No one is going to be surprised when I saw that Fringe veteran Allegra Lingo puts on a great solo storytelling show. But she doesn’t immediately break out the music stand and script to read from. Happenstanced is Lingo’s first show since her 2014 Fringe hit The Genealogy of Happenstance, which recounted the story of Allegra and wife Amy’s quest to have a child. And now they have that child. Matilda. And Matilda is our prologue.
“I thought ninjas were coming to kill me. In a townhouse. In Minnetonka.”
Allegra shows Matilda around the theater, then they descend into the Rarig X and root around in the toys and crayons for a minute or two. Then Allegra introduces Matilda to her extended theater family, the audience, “These people have been waiting a long time to meet you.” But soon enough it’s time for the handoff to mother Amy, and the whole audience spontaneously begins to wave goodbye as Matilda makes her exit. (And dammit, I didn’t cry through the entire show, but I just cried typing that.) “You guys are witnessing something very rare right now. I am out of earshot of Matilda.
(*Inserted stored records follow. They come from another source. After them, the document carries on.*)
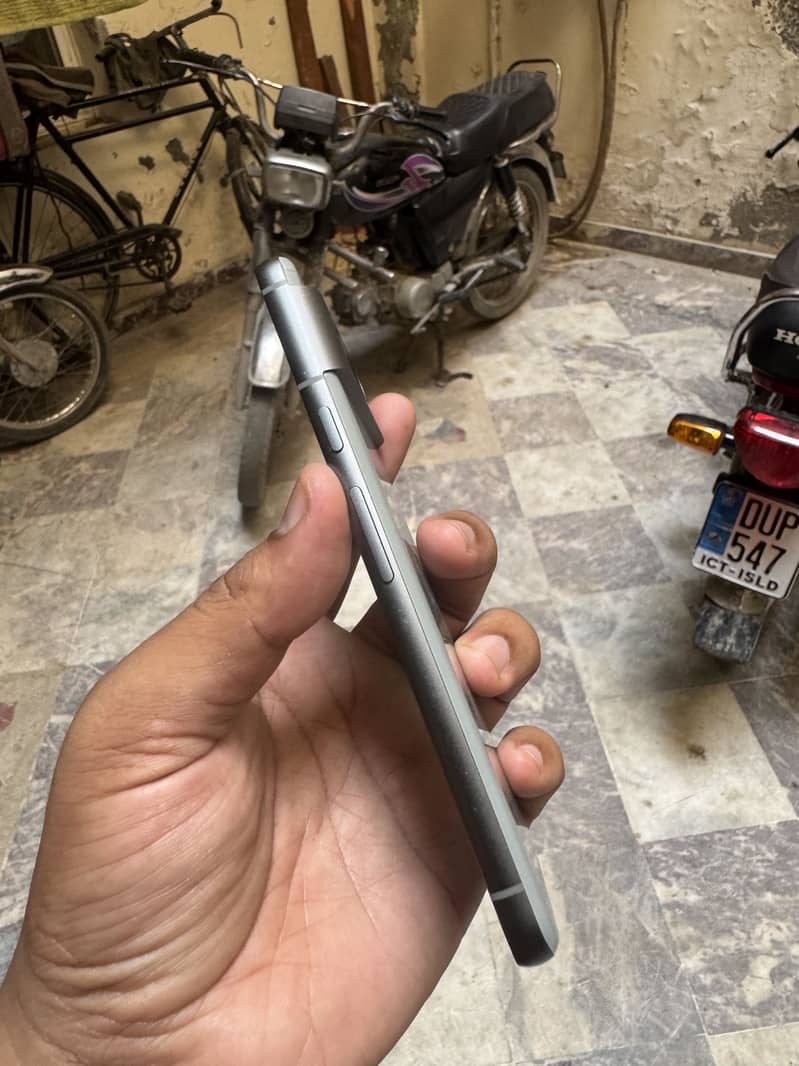 Google Pixel 8 4
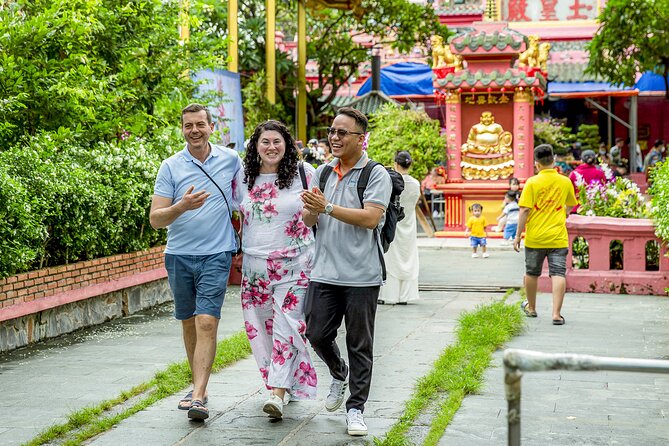 Small-group Saigon City Tour: 4-Hour Must-see Iconic Landmarks - French colonial Saigon at the Central Post Office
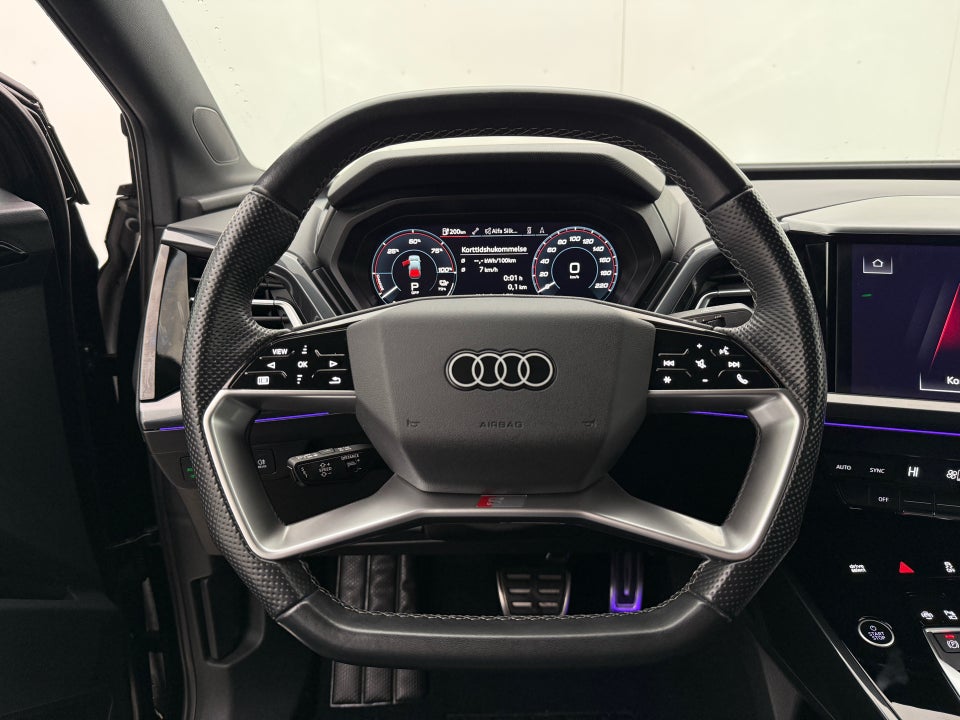 Audi Q4 e-tron 40 S-line Sportback 5d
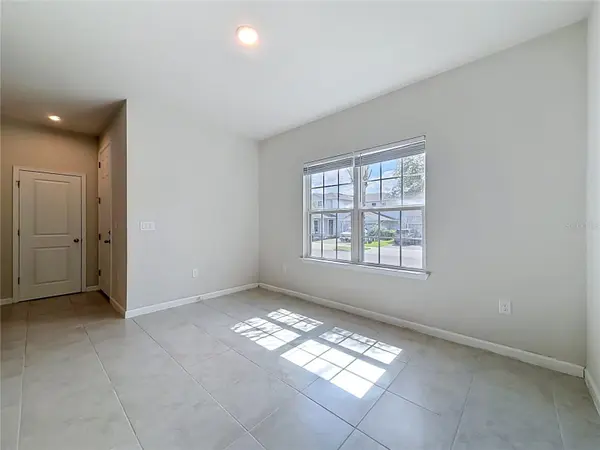 5754 SURPRISE LILY DR, Winter Garden, FL 34787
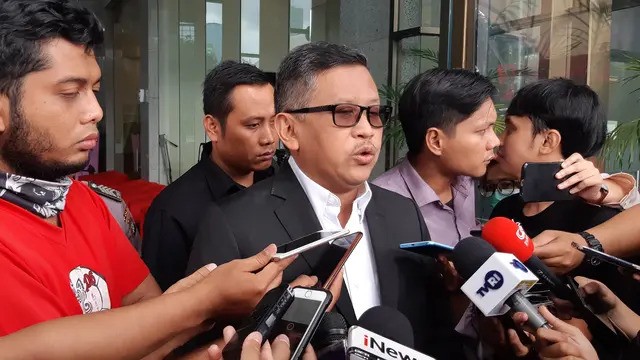 Sekjen PDIP Diperiksa KPK Sebagai Tersangka Hari Ini, Hasto Bersama Penasehat Hukumnya:  Minta KPK Tunda Pemeriksaaan Sampai Ada Putusan Praperadilan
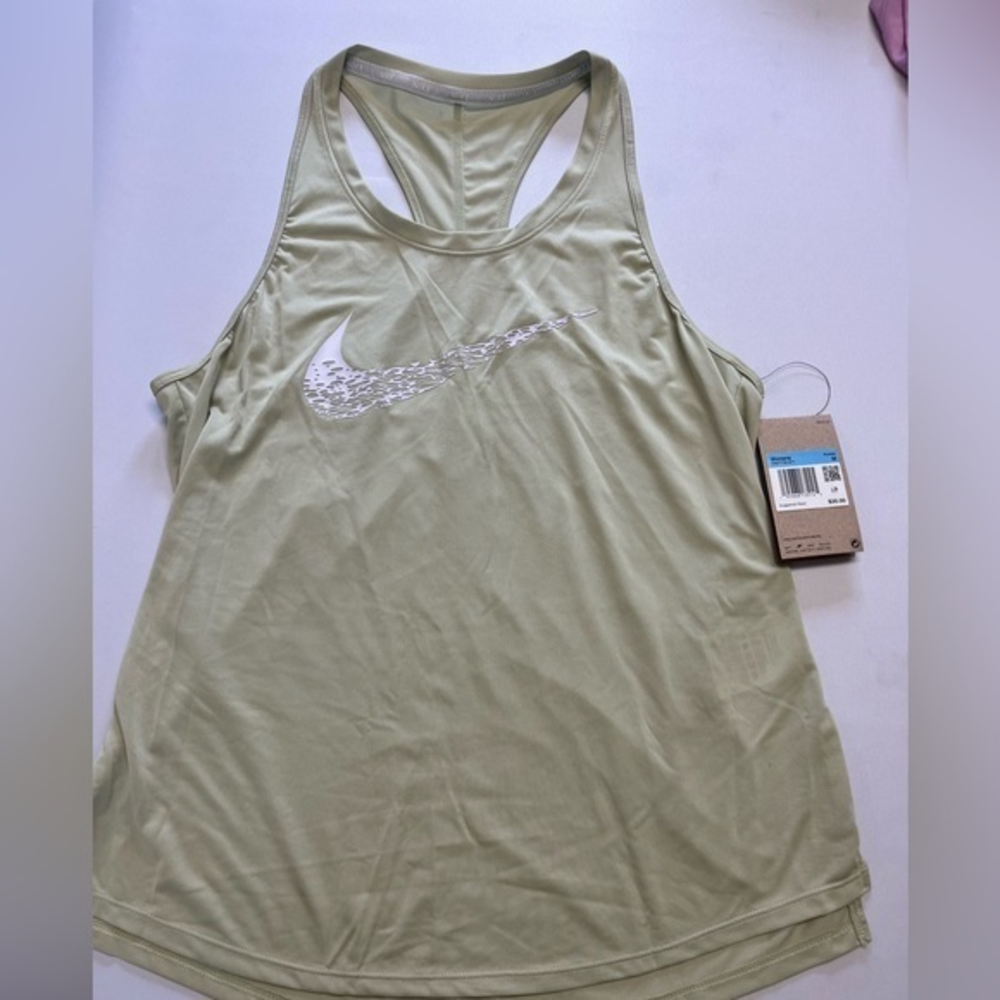 Women’s Nike‎ swoosh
It’s been a wild last 19 months, y’all.”
“Are you ready to see the castle?”
Allegra then proceeds to get out that music stand and script and present to us six short pieces from a wealth of material that has been the first year or so of parenthood. There’s the unconventional birth, and the excursions to Walt Disney World. There’s the unexpected identity struggles involved with not being the birth mother - and thus a bottle and not a breast feeder, or feeling the need to demur when people mention “She has your eyes” or “your height.” There’s the strange sleep habits of children, hoarding things around themselves, a behavior from Allegra’s past she sees reflected in her daughter. And there’s grappling with how dark the world can sometimes seem, and here you are trying to raise another human being to be part of it.
“She doesn’t know how to deal with celebrity babies.”
I’m only a godfather myself, but I’m struck by the truth of a quote that floats around which says, "To have a child is to decide forever to have your heart go walking around outside your body.” Allegra Lingo’s still a great storyteller. Parenthood is just ripping away another layer of artifice that Lingo has always had between her and her audience. She’s not any more sentimental now than she was before. She’s just as clear-eyed, just as much the wry observer of life’s absurdities. But her heart’s walking around outside her body now. She can’t hide anything from us anymore. On some level, that must be terrifying. But man, is it making her a better storyteller.